Problem description: Could you give again exactly, and only, the lines from the one holding "Sunčani početak tjedna, vikend pod oblacima" through the end of the data, both ends included, with pictures left out?

• • • • • • •

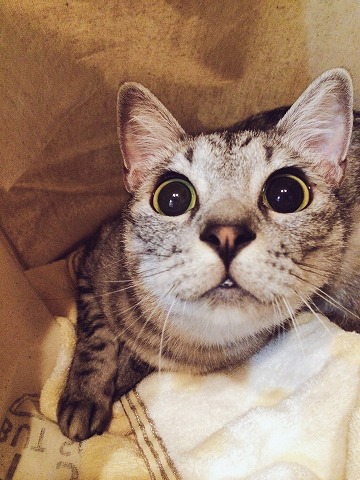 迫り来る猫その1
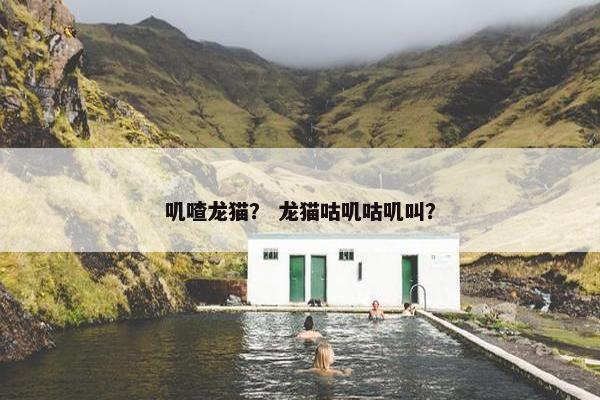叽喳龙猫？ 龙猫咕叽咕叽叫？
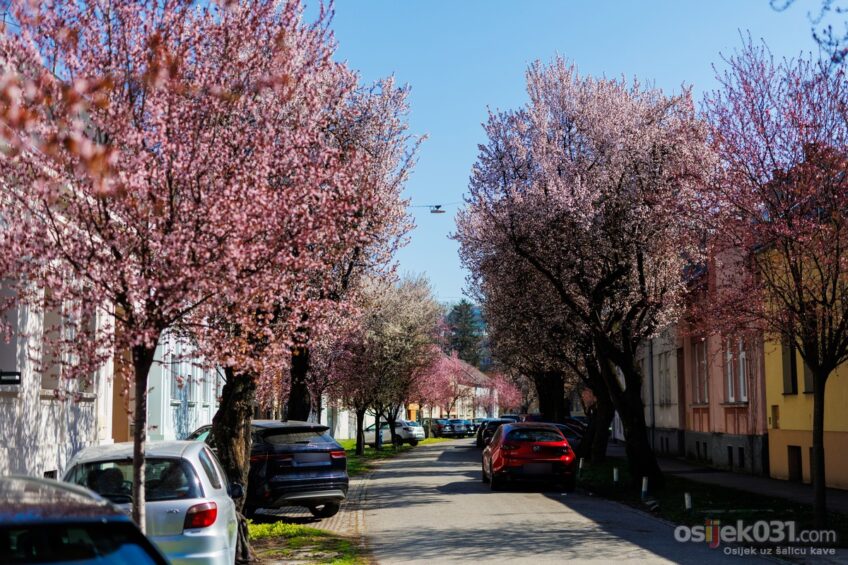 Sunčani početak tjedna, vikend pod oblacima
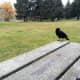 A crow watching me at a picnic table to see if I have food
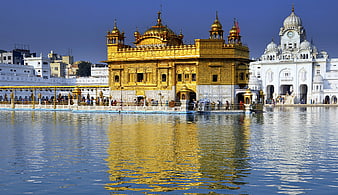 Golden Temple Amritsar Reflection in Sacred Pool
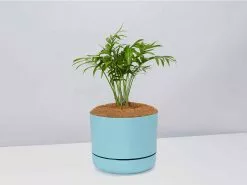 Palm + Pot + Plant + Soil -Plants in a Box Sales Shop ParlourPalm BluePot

• • • • • • •

Final answer:
 Sunčani početak tjedna, vikend pod oblacima
 A crow watching me at a picnic table to see if I have food
 Golden Temple Amritsar Reflection in Sacred Pool
 Palm + Pot + Plant + Soil -Plants in a Box Sales Shop ParlourPalm BluePot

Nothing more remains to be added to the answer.